В Андрюшиной комнатке – кровать, над ней портрет его мамы, в овальной раме, и столик; за ним он учится. Напротив низенькой балюстрады над лестницей еще дверь в проходную комнатку, за которой собственно детская – длинная, с тремя окнами; два – с видом на крыши домов и купол Палашевской церкви, третье, в глубине, – в серебряный тополь у ворот. Напротив окон глубоко выдается в комнату белая с синим, блестящая кафельная печь. По бокам – Мусина и моя кровати, обе по той же стене, Мусина ближе к двери.
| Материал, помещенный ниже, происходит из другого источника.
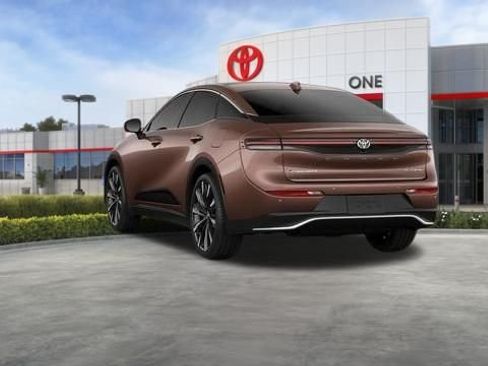 New 2026 Toyota Crown Platinum AWD/4WD image 28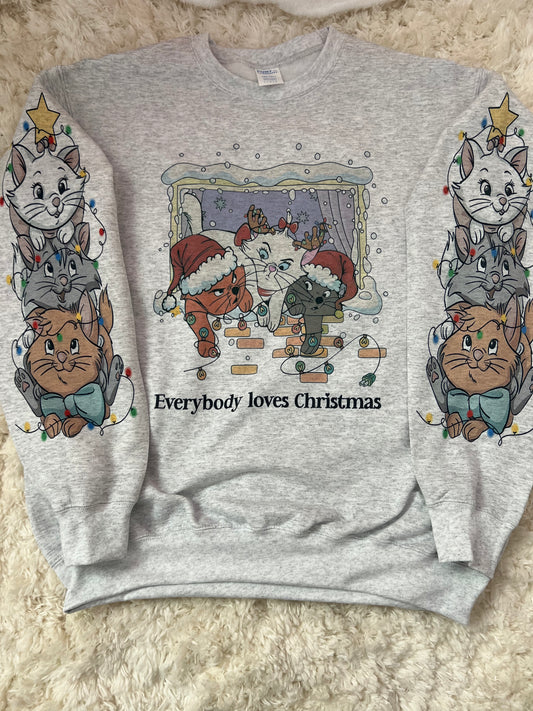 Everybody Loves Christmas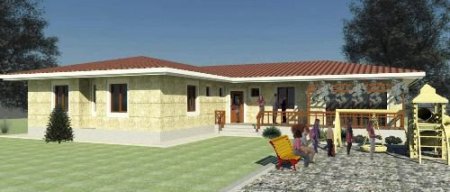 Hacı Pervin Tosyalı Sevgi Evleri'nin Temeli Atılacak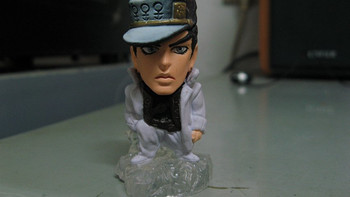 JOJO mini big head Q版手办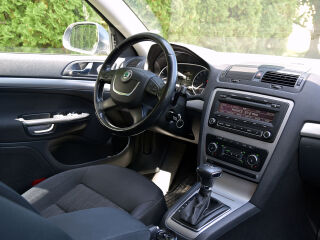 Skoda Octavia 1.4 90kW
Что еще есть в детской? Не помню. Вид ее будущих лет, после мамы, затмевает мне память. Но одно цветет нерушимо: сердцем детской – висячая лампа над столом. В стеклянном резервуаре – зеленое керосиновое море. Оно мутно сияет и плещется, когда лампу тронешь рукой. Над горелкой и стеклом – белый круг, над его отверстием на потолке – золотое пятно. От горящей лампы пышет свет, жар. Лампа плавает в воздухе, как волшебная рыба. От нее убегает темнота. За вещами всюду вспыхивают их тени. Мусина рука тянется к книге – читать…
А рядом – зрелище черного хода соседнего двора. Из окна Лёриной комнаты, бывшей моей детской, – наружная лестница, где в сумерках женщина в темной шали несла воду, желтый свет в окошке кухни (отдельного флигелька); длинный низкий флигель, где жила семья Андреевых, нам мало знакомых; цепной пес в своей глубокой будке под тополями.
И помнится мне в нашем зеленом дворе та пора весны, когда уже после дней цветения в траве желтых цветов – стоячей мохнатой мягкой метелочкой – появлялось столько же легких и пышных шариков, которые, сорвав, не знаешь, на что дивиться: на белое ли молоко (нам говорили – ядовитое) стебля, на ровную ли круглость – вот-вот облетит! – пушинок цвета пыли? Чем-то они напоминали мыльные пузыри. Мы начинали дуть на пушистые шарики. Оттого они назывались одуванчики. Пахло тополями. У старых стволов из земли выбивались молодые побеги.